Elle le quitta en agitant la main. Nail remonta ses lunettes, ne pouvant en croire ses oreilles.
"C'est la première fois que j'ai un rendez-vous avec une jeune fille." se dit-il, d'un air déjà embarrassé. "Et jolie, en plus." Il rougit jusqu'aux oreilles.
"Bon, maintenant que c'est fait, dis-moi un peu ce que tu leur as laissé!" dit Marcie sur le chemin du retour de l'hôtel. "J'en ai assez de ne rien comprendre!"

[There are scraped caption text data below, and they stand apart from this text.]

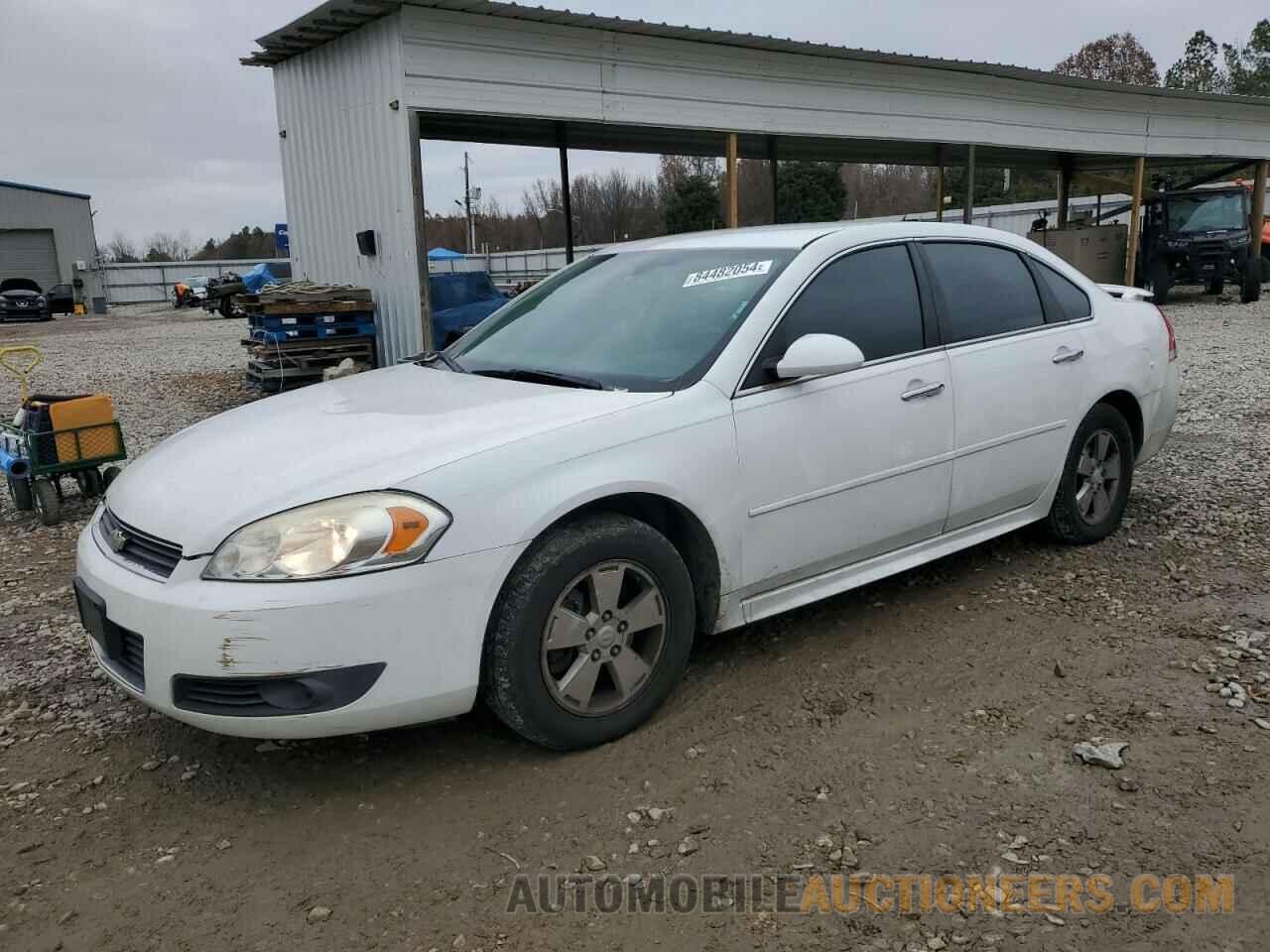 2G1WC5EM0B1193759 CHEVROLET IMPALA 2011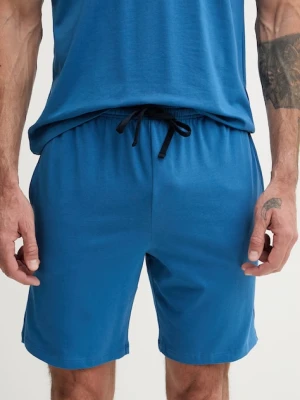 BOSS szorty lounge męskie bawełniane z elastanem Mix&Match Short CW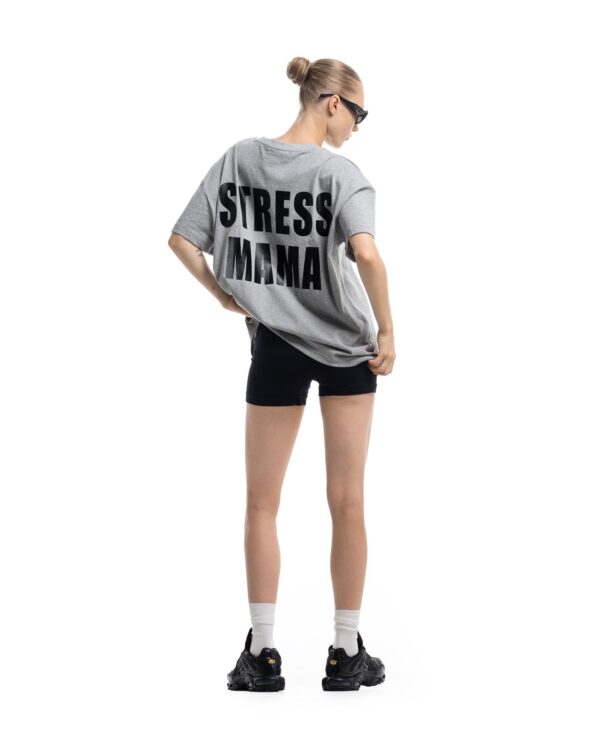 STRESSMAMA Summer26 Basic T-shirt T恤(灰)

"Voyons, que dire?" dit Ethan d'un ton lointain. "Les créatures que j'ai envoyées tout à l'heure sont des démons-loups et des démons-serpents. En fait, nous allons leur faire croire à la présence d'une secte d'adorateurs de Loki en ville.
"Adorateurs de Loki?"
"Vous ne connaissez pas Loki? C'est un dieu de la mythologie nordique."
"C'est si dangereux, d'adorer des dieux de la mythologie nordique?"

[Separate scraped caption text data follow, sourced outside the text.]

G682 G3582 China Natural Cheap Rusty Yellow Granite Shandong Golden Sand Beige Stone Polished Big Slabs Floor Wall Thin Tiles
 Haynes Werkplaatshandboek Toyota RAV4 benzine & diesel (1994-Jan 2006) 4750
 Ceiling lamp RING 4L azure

"Apparemment, vous ne le connaissez pas. Il faut que je vous en parle un peu : c'est une histoire triste. Dans sa jeunesse, Loki, qui était semi-dieu semi-géant, était devenu ami avec Odin, un autre dieu de haut lignage. Ils s'étaient juré amitié et fraternité éternelle. Ensemble, ils cherchaient la connaissance et des magies inédites, mais surtout l'amusement. Il est peu de bêtises et de mauvaises blagues qu'ils n'avaient pas faites."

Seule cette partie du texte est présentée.